◆ YOUR ASSIGNMENT
The copy should hold exactly the lines below from the one that contains "Volkswagen Touran MPV 1,5 l 110 kw" through the one that contains "2011 Ram Ram" and nothing else, so no pictures.

◆ SUPPLIED RECORDS
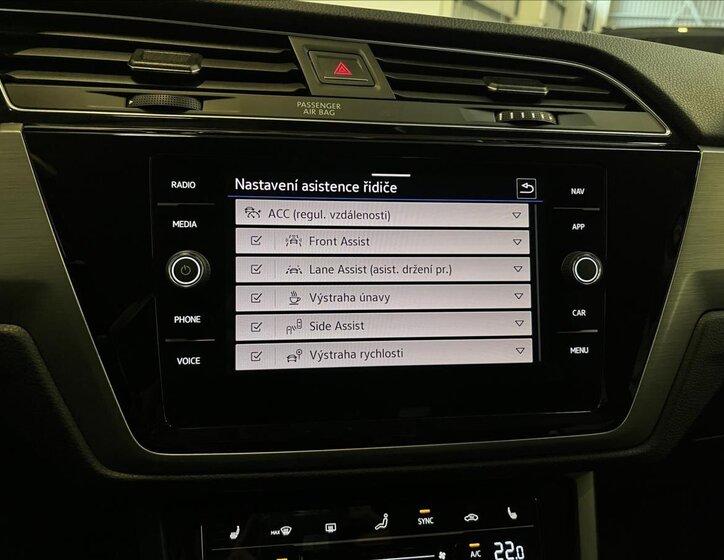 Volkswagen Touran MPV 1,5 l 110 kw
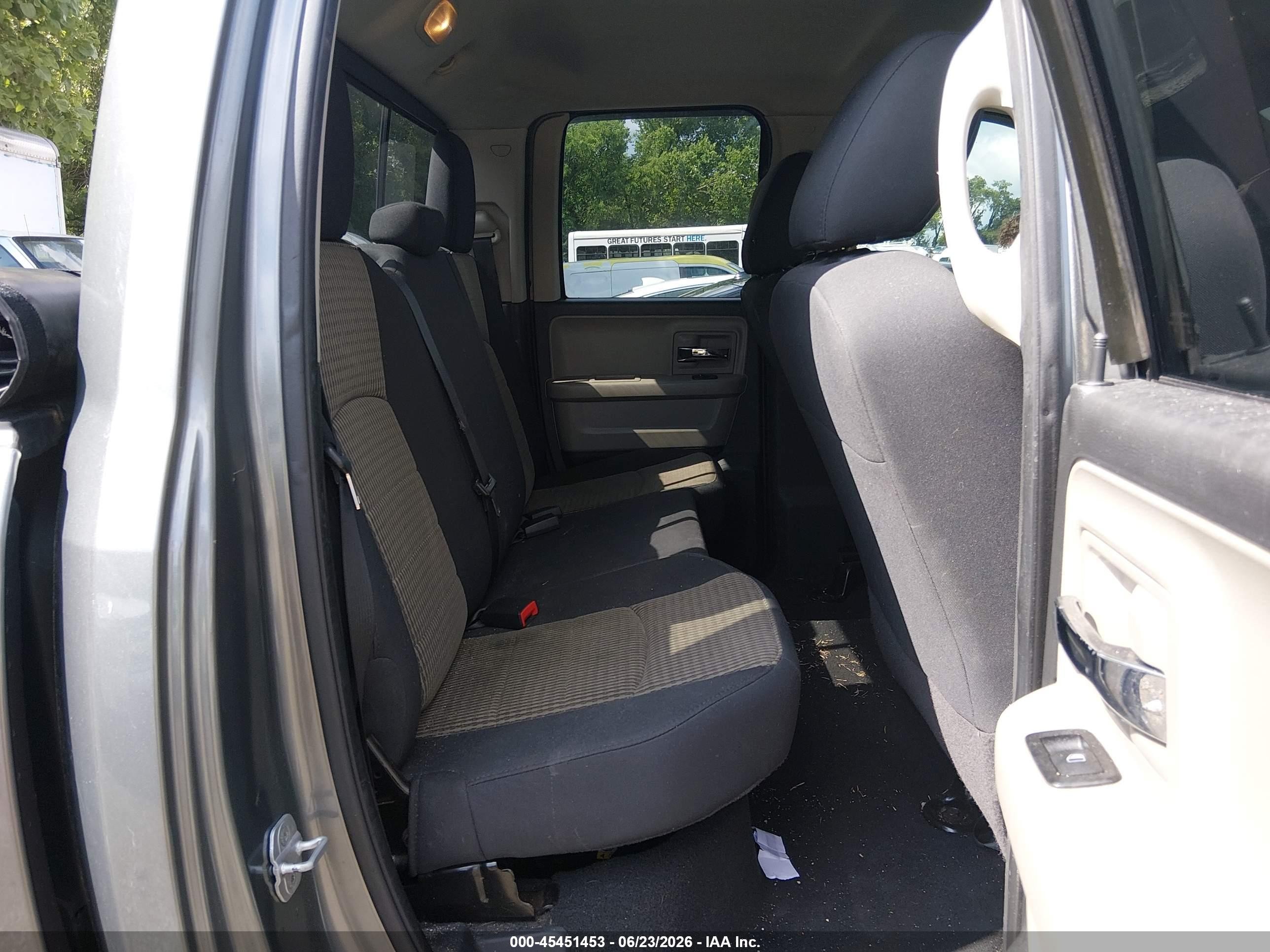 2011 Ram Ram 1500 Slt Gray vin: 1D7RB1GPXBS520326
...
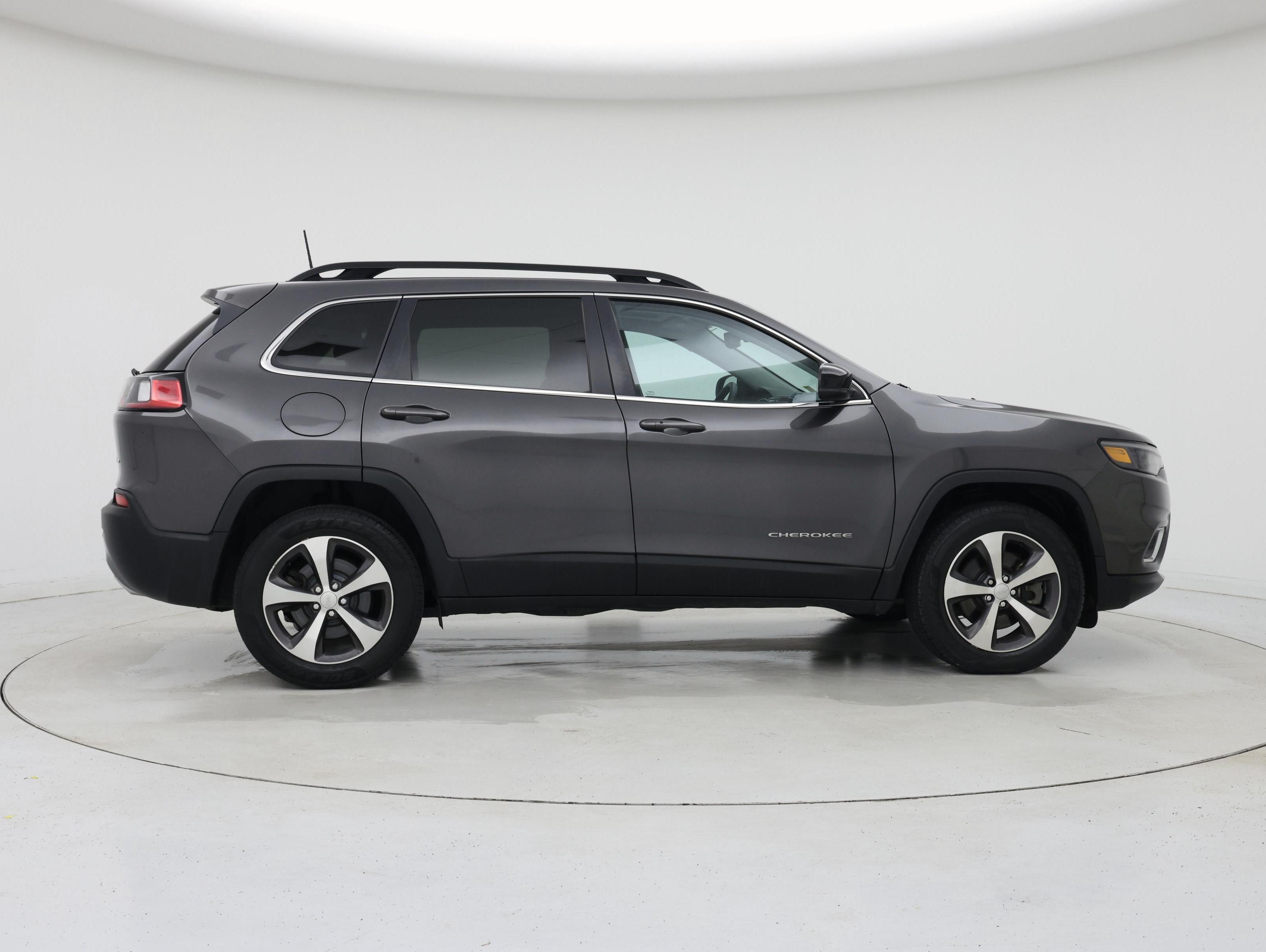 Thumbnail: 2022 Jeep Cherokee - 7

◆ FINISHED EXERCISE
 Volkswagen Touran MPV 1,5 l 110 kw
 2011 Ram Ram 1500 Slt Gray vin: 1D7RB1GPXBS520326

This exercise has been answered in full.